Now that you've worked out how to save money, the question is... where do you put it?

If you pay your money into a bank, building society or credit union, they’ll pay you interest on it – see it as a reward for allowing them to have use of your money.

Every bank, building society or credit union has a range of different savings products, and each of them pays different interest rates so it's best to shop around to find the best one.

The two most common savings products are ISAs and savings accounts.

 

ISA (Individual Savings Account)

These are very popular as they are a tax-free way of saving or investing. You don’t have to pay Income Tax or Capital Gains Tax on money saved or invested within an ISA. On many other savings products, you would pay tax on the income you earn.
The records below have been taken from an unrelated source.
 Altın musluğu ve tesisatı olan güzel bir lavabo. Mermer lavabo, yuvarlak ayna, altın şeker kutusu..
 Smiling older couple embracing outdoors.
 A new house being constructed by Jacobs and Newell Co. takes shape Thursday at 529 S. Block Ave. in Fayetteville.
And you might be liable for Capital Gains Tax on any profits from your investments.

You can currently save up to £20,000 in the curren tax year.
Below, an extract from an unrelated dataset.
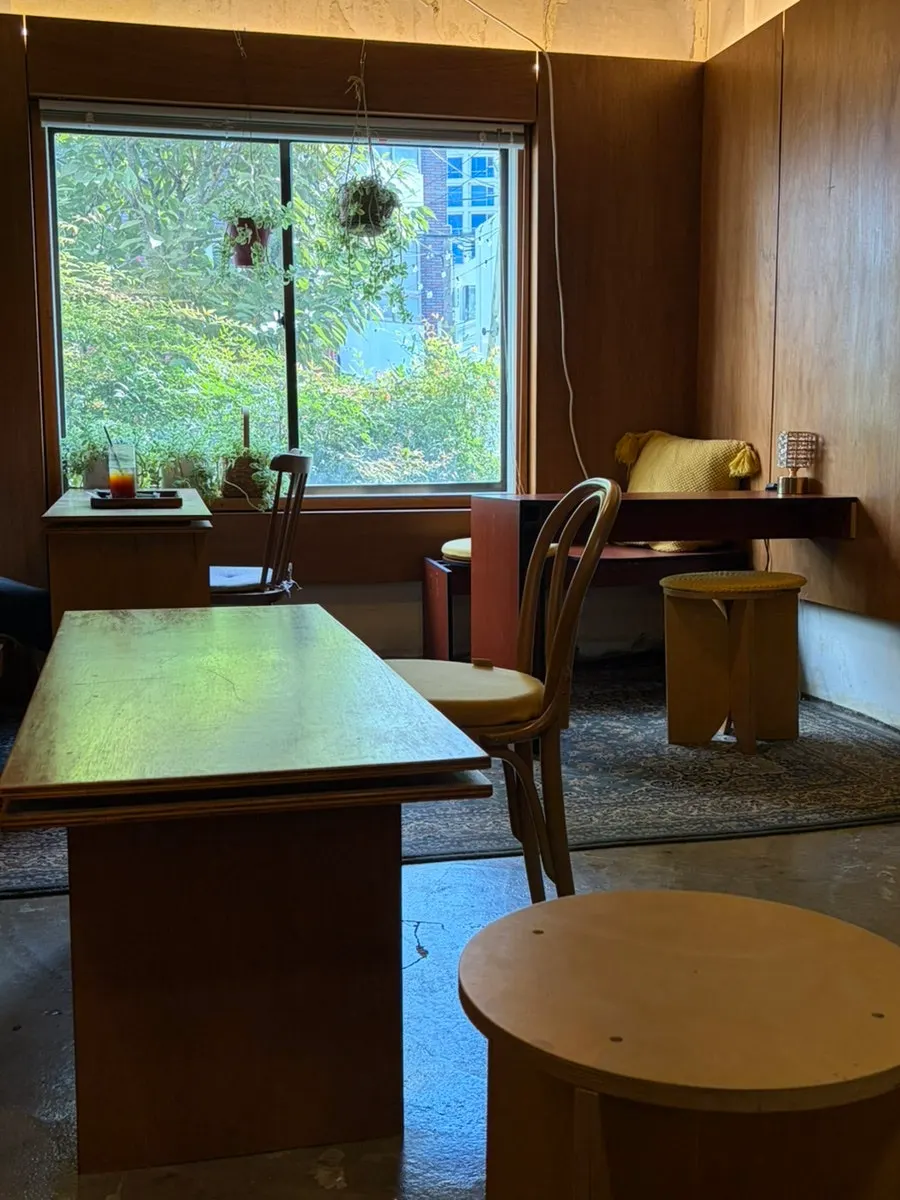 Spacious café seating with wood-toned wooden furniture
You can save in cash, invest in stocks and shares, or a mixture of the two.

 

Savings Accounts

Nearly all banks and building societies offer savings accounts that pay some interest, and they all have slightly different features. 
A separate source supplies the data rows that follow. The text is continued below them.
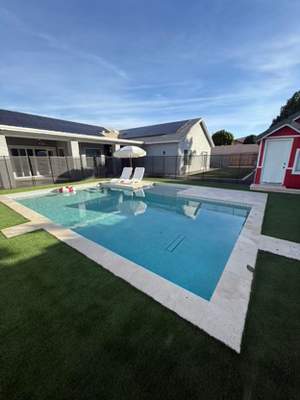 Pool build with baja step and pebble finish
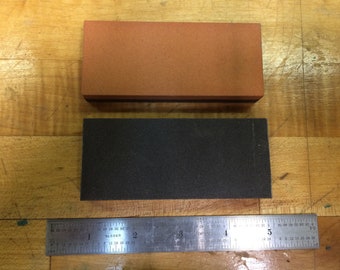 May include: Two rectangular sharpening stones, one brown and one black, are placed on a wooden surface. A metal ruler is positioned below the stones.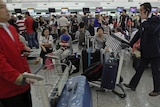 Stranded travellers gather at the Qantas check-in area at Hong Kong's international airport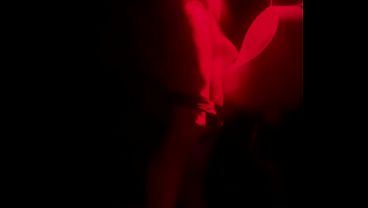 Amateur boy lending hand to his friend pissing in public toilets'_ urinal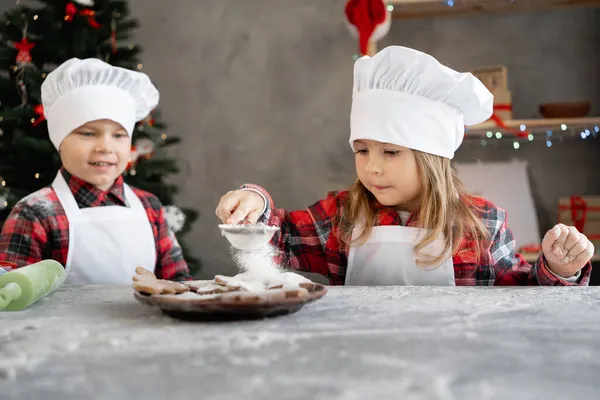 Children Cooking Christmas Gingerbread Brother Sister Decorate Biscuits Powdered Sugar — Stock Photo, Image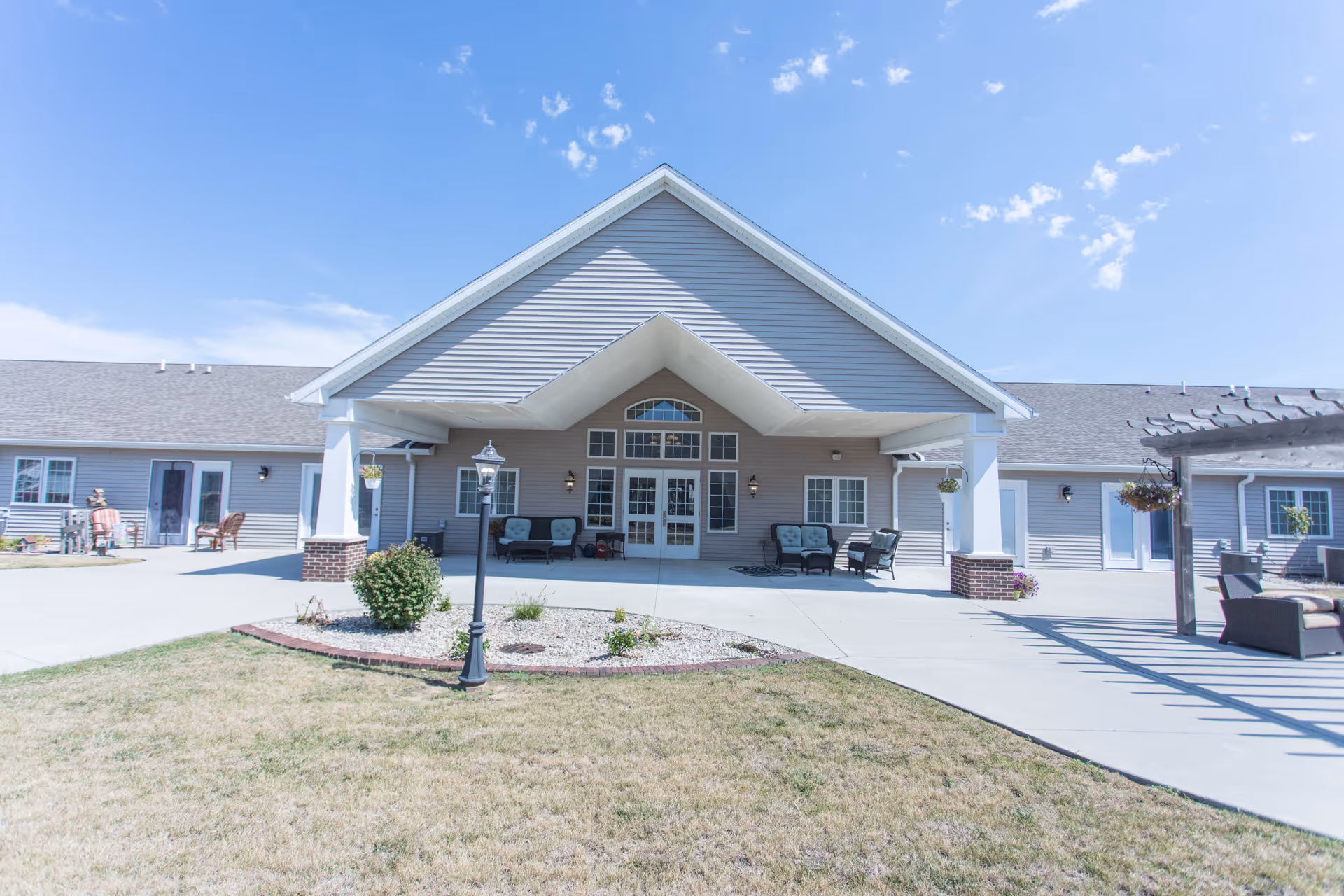 Exterior view of the Villas of Holly Brook Shelbyville building entrance with a covered porch area featuring outdoor seating, a lamp post, and a small landscaped garden in front. The sky is clear with a few clouds.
There are usually no limits on how much you can save in these each year. And often, the more money you put in, the higher the interest rate you get.

If you’ve used up your saving allowance on your ISA, you might want to open a savings account for any extra money you can save.

 

There are lots of things to look out for in a savings account to make sure it meets your needs. These include:

- the amount of interest paid

- how quickly you can take out your money if you need to

- the minimum amount of money you have to put in (either to open the account, or each month).